Below are pie charts that break down the number of failure detections by column. Note that the plotting below is automated so if one or more of the columns listed above are not plotted, this indicates that the column(s) did not return any matches for the failure phrases. Also note that a single record can contain multiple failure phrases; therefore, failure phrases are not mutually exclusive.

6.2.2.1 ActivityCommentText fail detects

ActivityCommentText failure detects

6.2.2.2 ResultCommentText fail detects

ResultCommentText failure detects

6.2.2.3 ResultLaboratoryCommentText fail detects

ResultLaboratoryCommentText failure detects

6.2.2.4 ResultDetectionConditionText fail detects

ResultDetectionConditionText failure detects

6.2.2.5 ResultMeasureValue_original fail detects

ResultMeasureValue_original failure detects

58.5 thousand rows are removed after detecting failure-related phrases and 2.3 million rows remain.

6.2.3 Clean MDLs

In this step method detection limits (MDLs) are used to clean up the reported values. When a numeric value is missing for the data record (i.e., NA or text that became NA during an as.numeric call) we check for non-detect language in the ResultLaboratoryCommentText, ResultCommentText, ResultDetectionConditionText, and ResultMeasureValue columns. This language can be "non-detect", "not detect", "non detect", "undetect", or "below".

If non-detect language exists then we use the DetectionQuantitationLimitMeasure.MeasureValue column for the MDL, otherwise if there is a < and a number in the ResultMeasureValue column we use that number instead.

We then use a random number between 0 and 0.5 * MDL as the record’s value moving forward.

We produce a new column, mdl_flag, from the MDL cleaning process. Records where no MDL-based adjustment was made and which are at or above the MDL are assigned a 0. Records with corrected values based on the MDL method are assigned a 1. Finally, records where no MDL-based adjustment was made and which contain a numeric value below the provided MDL are assigned a 2.

This should not result in a change in rows but we still check: 0 rows are removed.
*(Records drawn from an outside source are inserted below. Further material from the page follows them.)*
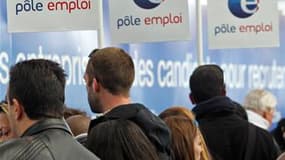 Nicolas Sarkozy a annoncé jeudi un accord de principe pour une aide exceptionnelle aux chômeurs en fin de droits dont il a estimé le nombre à 360.000. /Photo d'archives/REUTERS/Jean-Paul Pélissier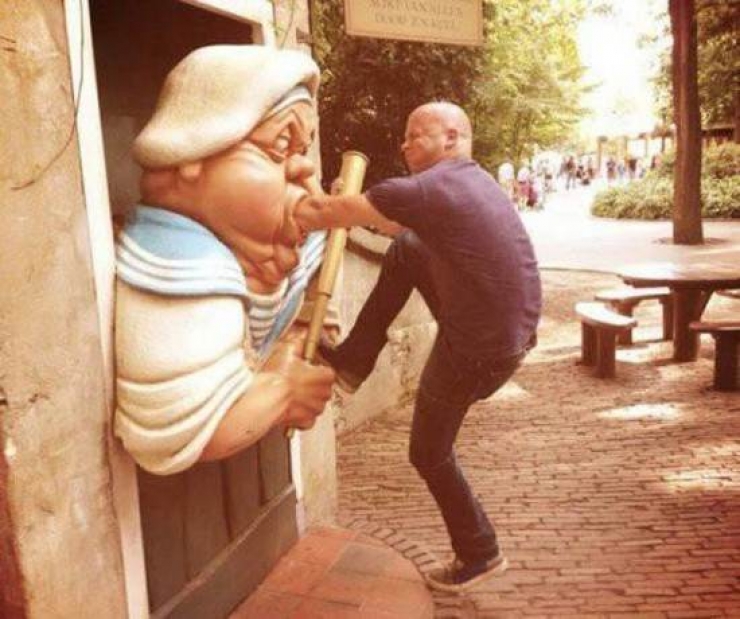 Illustration de l'article : En tombant sur une statue, ces 30 personnes savaient qu'elles devaient immortaliser l'instant avec une photo originale !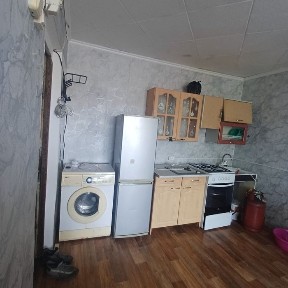 Абая 139а. 3эт. 18кв. м. 4300млн.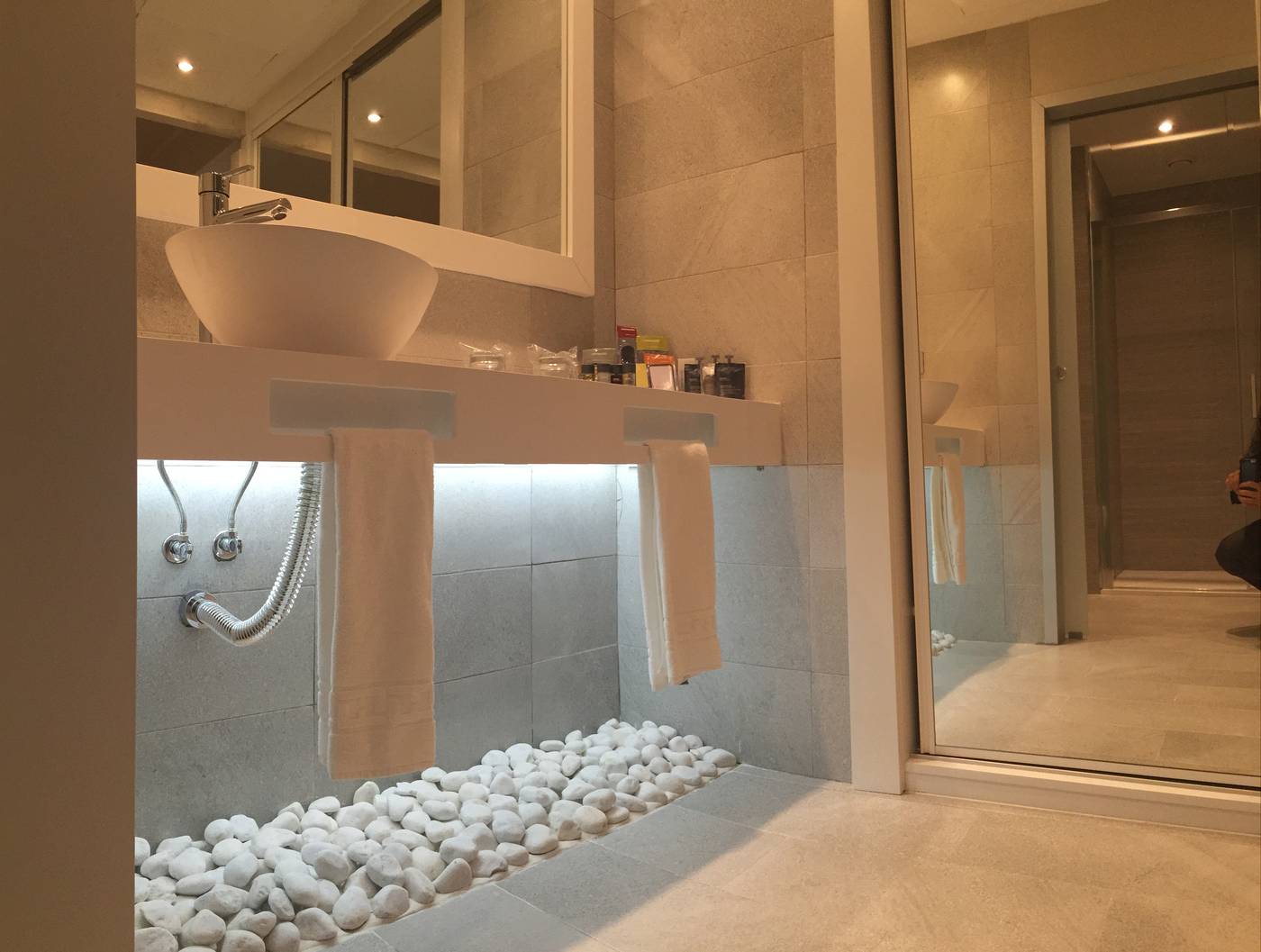 Weare-Chamartin-Room-49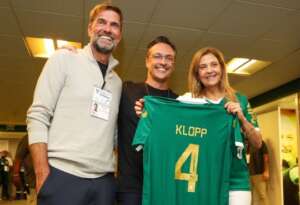 Klopp 'toma banho' no campo do Allianz e ganha camisa de Leila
The final row count after this is 2.3 million.

6.2.4 Clean approximate values

Cleaning approximate values involves a similar process as for MDL cleaning. We flag “approximated” values in the dataset. The ResultMeasureValue column gets checked for all three of the following conditions:

Numeric-only version of the column is still NA after MDL cleaning
The original column text contained a number
Any of ResultLaboratoryCommentText, ResultCommentText, or ResultDetectionConditionText match this regular expression, ignoring case: "result approx|RESULT IS APPROX|value approx"

We then use the approximate value as the record’s value moving forward.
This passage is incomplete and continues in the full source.